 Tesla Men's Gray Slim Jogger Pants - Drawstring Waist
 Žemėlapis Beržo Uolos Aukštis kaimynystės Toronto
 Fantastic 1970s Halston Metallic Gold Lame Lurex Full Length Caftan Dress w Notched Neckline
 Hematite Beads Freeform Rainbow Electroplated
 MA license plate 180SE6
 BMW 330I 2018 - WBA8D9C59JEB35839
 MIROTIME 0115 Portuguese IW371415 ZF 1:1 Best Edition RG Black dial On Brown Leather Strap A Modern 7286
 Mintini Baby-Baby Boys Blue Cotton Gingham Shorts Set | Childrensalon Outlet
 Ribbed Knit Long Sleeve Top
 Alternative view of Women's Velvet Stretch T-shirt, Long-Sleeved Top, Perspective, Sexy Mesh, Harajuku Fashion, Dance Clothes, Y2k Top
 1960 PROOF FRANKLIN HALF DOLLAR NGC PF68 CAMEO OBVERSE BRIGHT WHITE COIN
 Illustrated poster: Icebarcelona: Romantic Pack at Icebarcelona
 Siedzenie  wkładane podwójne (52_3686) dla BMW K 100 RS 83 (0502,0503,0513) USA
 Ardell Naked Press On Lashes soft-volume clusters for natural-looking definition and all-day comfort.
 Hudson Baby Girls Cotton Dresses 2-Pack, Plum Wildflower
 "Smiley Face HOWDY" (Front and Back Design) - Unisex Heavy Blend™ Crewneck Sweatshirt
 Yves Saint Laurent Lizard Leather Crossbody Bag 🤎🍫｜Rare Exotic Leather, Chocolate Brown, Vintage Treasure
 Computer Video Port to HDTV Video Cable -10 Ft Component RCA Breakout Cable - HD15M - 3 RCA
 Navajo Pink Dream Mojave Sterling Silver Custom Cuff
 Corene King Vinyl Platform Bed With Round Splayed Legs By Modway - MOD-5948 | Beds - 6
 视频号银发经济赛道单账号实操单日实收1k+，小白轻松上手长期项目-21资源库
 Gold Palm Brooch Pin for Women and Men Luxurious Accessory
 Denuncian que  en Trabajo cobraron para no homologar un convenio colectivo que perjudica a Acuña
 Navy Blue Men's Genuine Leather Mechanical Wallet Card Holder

● Task description
Everything from the line with "Hudson Baby Girls" to the last line of the entries is to be written out exactly; omit all earlier lines.

● Final answer
 Hudson Baby Girls Cotton Dresses 2-Pack, Plum Wildflower
 "Smiley Face HOWDY" (Front and Back Design) - Unisex Heavy Blend™ Crewneck Sweatshirt
 Yves Saint Laurent Lizard Leather Crossbody Bag 🤎🍫｜Rare Exotic Leather, Chocolate Brown, Vintage Treasure
 Computer Video Port to HDTV Video Cable -10 Ft Component RCA Breakout Cable - HD15M - 3 RCA
 Navajo Pink Dream Mojave Sterling Silver Custom Cuff
 Corene King Vinyl Platform Bed With Round Splayed Legs By Modway - MOD-5948 | Beds - 6
 视频号银发经济赛道单账号实操单日实收1k+，小白轻松上手长期项目-21资源库
 Gold Palm Brooch Pin for Women and Men Luxurious Accessory
 Denuncian que  en Trabajo cobraron para no homologar un convenio colectivo que perjudica a Acuña
 Navy Blue Men's Genuine Leather Mechanical Wallet Card Holder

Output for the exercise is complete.